What a fabulous work this is.  Made in 1955 is a a reclining female – the model is Picasso’s wife, Jacqueline Roque, whom he met in 1952 – and I just love what he’s done.  It’s a very large piece, on canvas, but he’s used all kinds of wallpaper, plain paper, oil and charcoal to create a work which is dazzling in its originality and beauty.

This piece is just one of over 300 works which have been assembled at the Royal Academy for a terrific show of Picasso’s work which is devoted to the many imaginative and inventive ways he used paper.  Of course he used all kinds of paper in his long career (1881 – 1973).  Yes, there are sketch books, and scraps of paper, wallpaper, newspaper and of course paper to print on.  With Picasso, there seems to be no medium he could not make artistic use of but paper was clearly a favourite.
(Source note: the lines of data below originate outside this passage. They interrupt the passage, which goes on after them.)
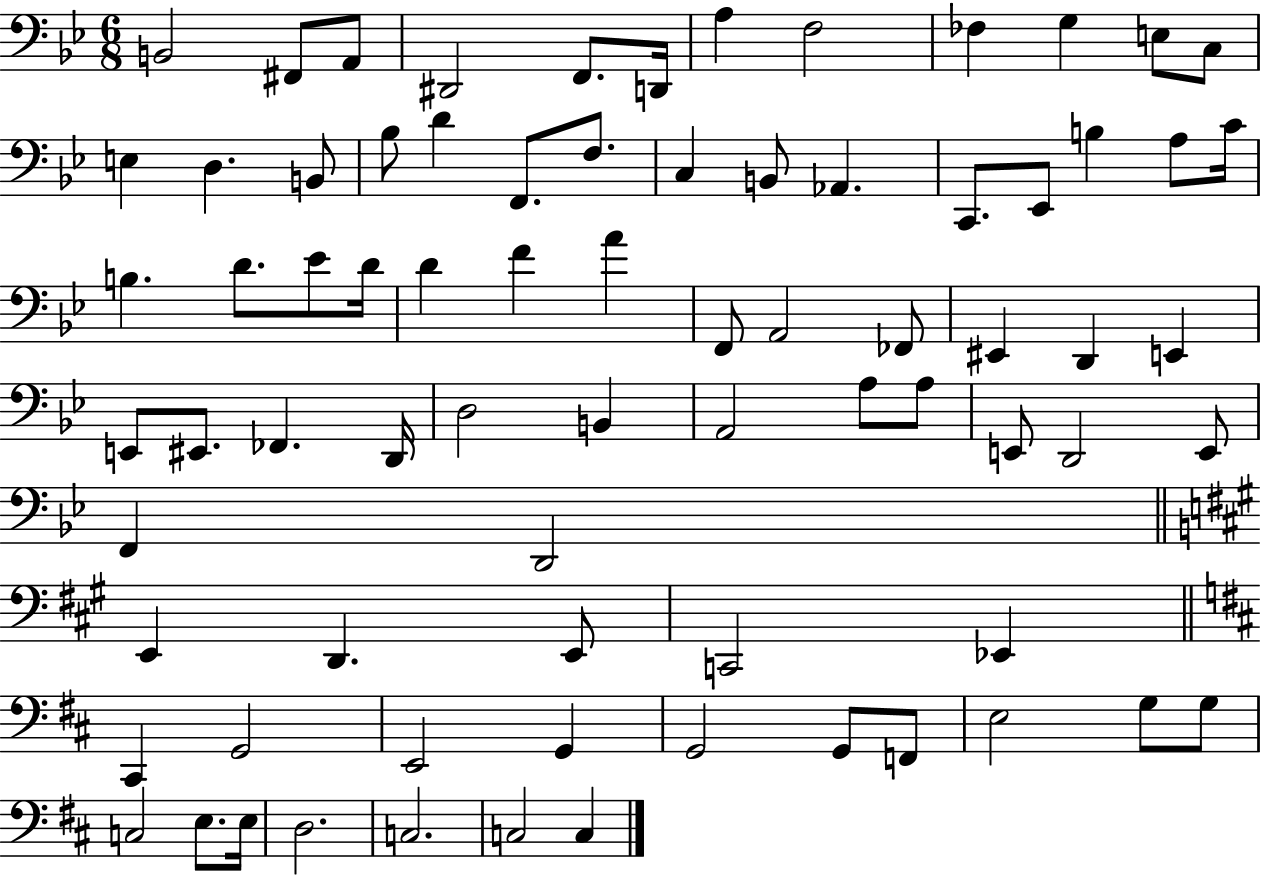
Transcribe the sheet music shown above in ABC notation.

X:1
T:Untitled
M:6/8
L:1/4
K:Bb
B,,2 ^F,,/2 A,,/2 ^D,,2 F,,/2 D,,/4 A, F,2 _F, G, E,/2 C,/2 E, D, B,,/2 _B,/2 D F,,/2 F,/2 C, B,,/2 _A,, C,,/2 _E,,/2 B, A,/2 C/4 B, D/2 _E/2 D/4 D F A F,,/2 A,,2 _F,,/2 ^E,, D,, E,, E,,/2 ^E,,/2 _F,, D,,/4 D,2 B,, A,,2 A,/2 A,/2 E,,/2 D,,2 E,,/2 F,, D,,2 E,, D,, E,,/2 C,,2 _E,, ^C,, G,,2 E,,2 G,, G,,2 G,,/2 F,,/2 E,2 G,/2 G,/2 C,2 E,/2 E,/4 D,2 C,2 C,2 C,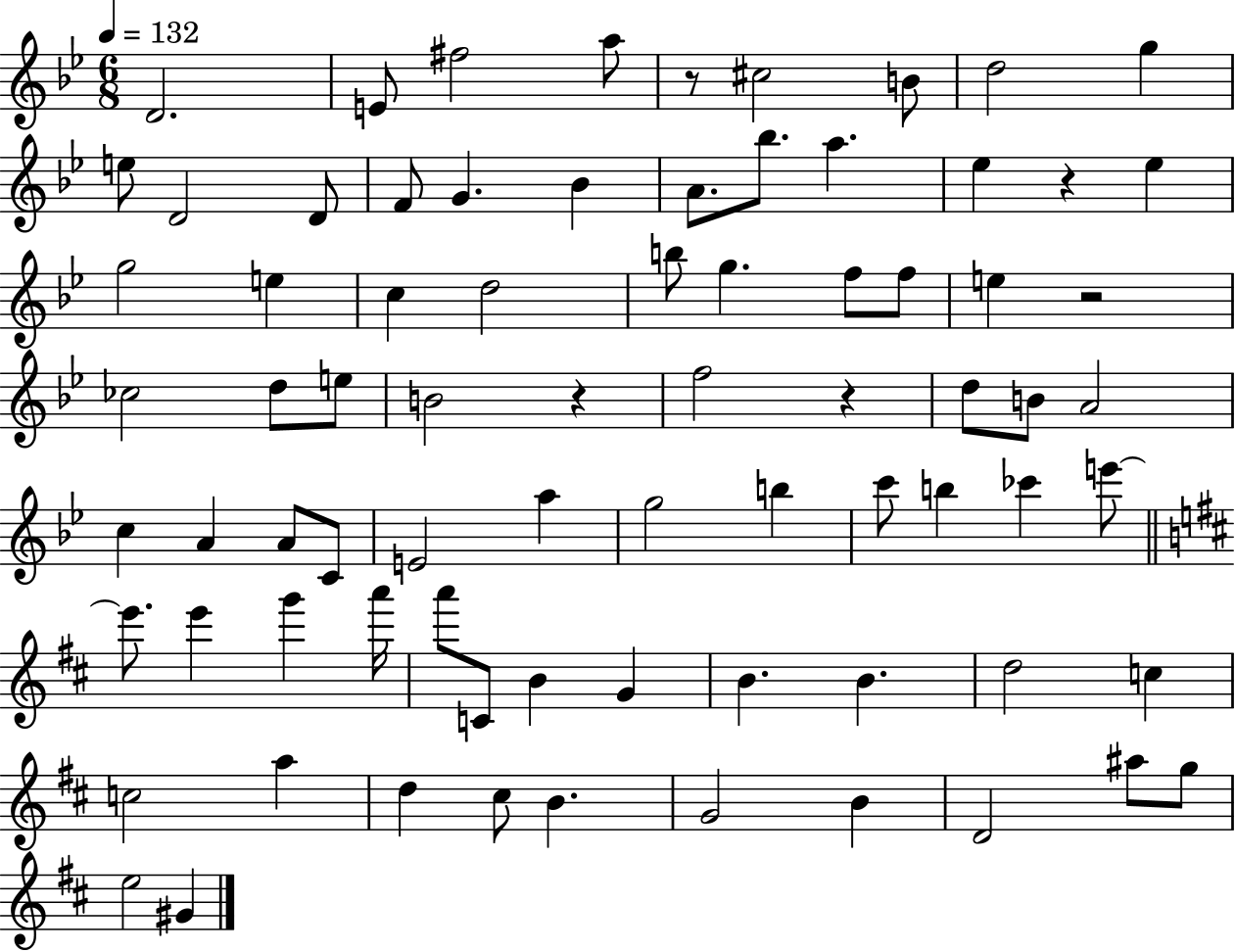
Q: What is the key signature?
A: BES major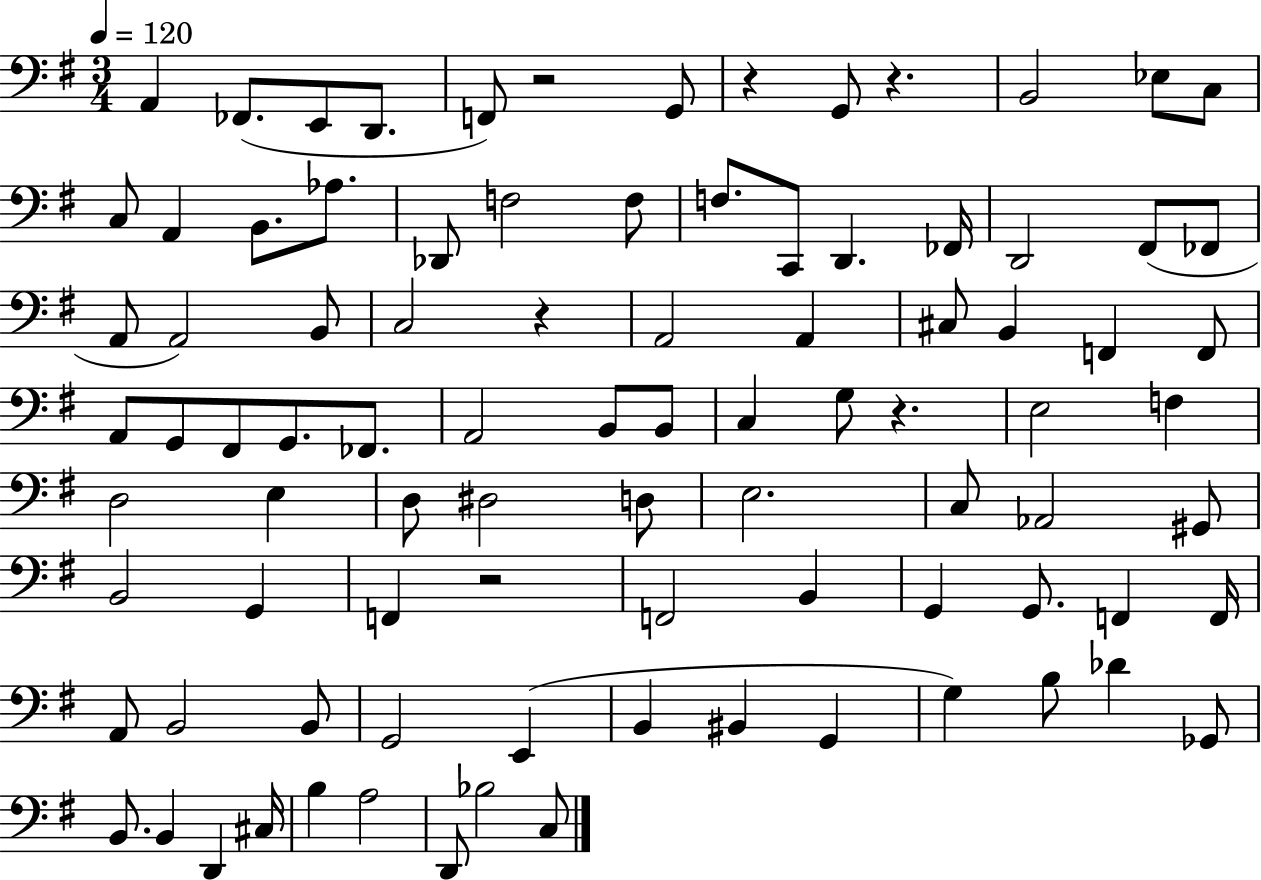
{
  \clef bass
  \numericTimeSignature
  \time 3/4
  \key g \major
  \tempo 4 = 120
  a,4 fes,8.( e,8 d,8. | f,8) r2 g,8 | r4 g,8 r4. | b,2 ees8 c8 | \break c8 a,4 b,8. aes8. | des,8 f2 f8 | f8. c,8 d,4. fes,16 | d,2 fis,8( fes,8 | \break a,8 a,2) b,8 | c2 r4 | a,2 a,4 | cis8 b,4 f,4 f,8 | \break a,8 g,8 fis,8 g,8. fes,8. | a,2 b,8 b,8 | c4 g8 r4. | e2 f4 | \break d2 e4 | d8 dis2 d8 | e2. | c8 aes,2 gis,8 | \break b,2 g,4 | f,4 r2 | f,2 b,4 | g,4 g,8. f,4 f,16 | \break a,8 b,2 b,8 | g,2 e,4( | b,4 bis,4 g,4 | g4) b8 des'4 ges,8 | \break b,8. b,4 d,4 cis16 | b4 a2 | d,8 bes2 c8 | \bar "|."
}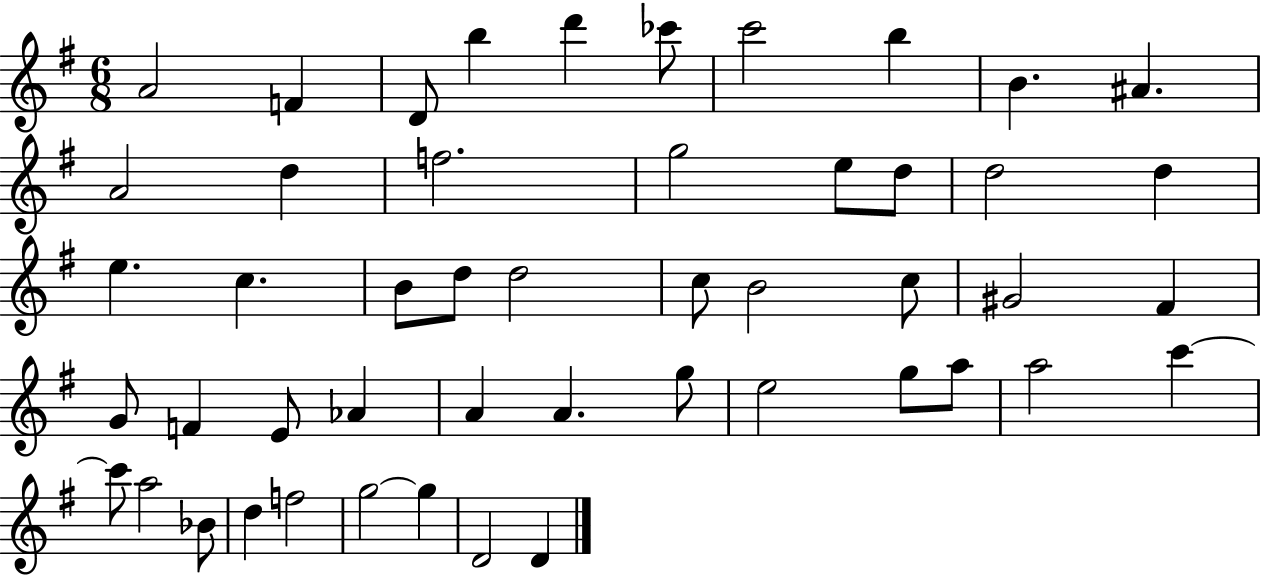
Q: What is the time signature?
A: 6/8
Versatile, strong, inexpensive, available … what’s not to like.  Apparently he would gather up old bits of wallpaper from suppliers and stash them in his studio until the moment was right.

There’s a chronology to the show which is very satisfying.  We are taken on a wonderful odyssey through Picasso’s life and, where there’s an opportunity and the paintings are available for loan, finished works accompany the studies, sketches and doodles on paper which lead up to the finished piece.

I loved this monumental collage using wallpaper and gouache paper pasted onto canvas. 1937-38. Called Femmes a leur toilette, it (possibly) depicts three of the women in his life, including Dora Maar as the central, weeping woman.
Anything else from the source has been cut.